Kate Atkinson gives the phrase "family values" a wickedly funny spin in this cleverly realised story, with its home from hell populated by vicious aunt Vinny and the wicked Widow, the doe eyed and ineffectual father, the beautiful, slovenly absent mother, the ugly, UFO obsessed brother and bright, 16 year old Isobel Fairfax, the "storyteller at the end of time", who weaves a surefooted narrative path from past to present, comedy to tragedy. Patricia Hodge's bossy plumminess is perfectly matched to the offbeat text.

Lady Windermere's Fan, by Oscar Wilde (Naxos, 2 tapes, 3 hrs, £5.99 in UK)

Is it just me, or do the clever clogs aphorisms of Oscar Wilde become more and more irritating as one gets older? I was quite prepared to be irritated by this dramatisation, but found myself both amused and moved instead. The credit must go to a virtually flawless cast, with a little help from the National Symphony Orchestra of Ireland, who fiddle happily with various bits of Victoriana at the beginning and end of each side - and, of course, the author, who knew a good moral dilemma when he saw one.

Fever Pitch, by Nick Hornby, read by the author (HarperCollins, 2 tapes, 3 hrs, £7 99 in UK)

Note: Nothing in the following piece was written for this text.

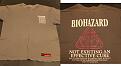 1997/8 Biohazard T shirt.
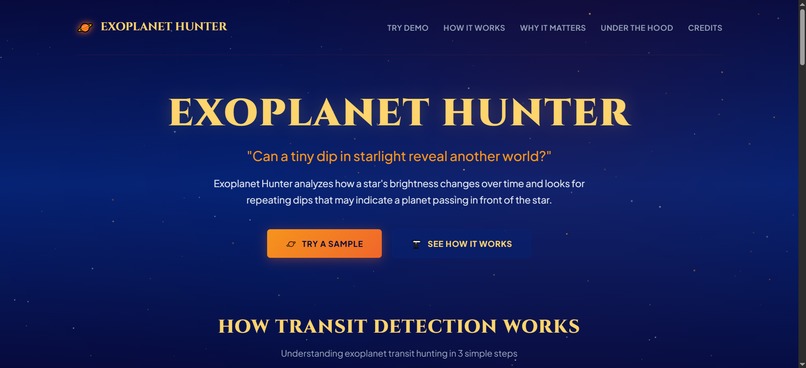Exoplanet Hunter – screenshot 10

"The natural state of the football fan is bitter disappointment Anybody who has ever hated football will find consolation as the gormless Hornby relates the tragicomic saga of his devotion to Arsenal. You'll need to love football too, of course, or you'll never make it through the catalogue of innumerable scoreless draws and rainy Saturdays on the way to the Holy Grail of league and cup double. Ignore the dreadful film: this is magic.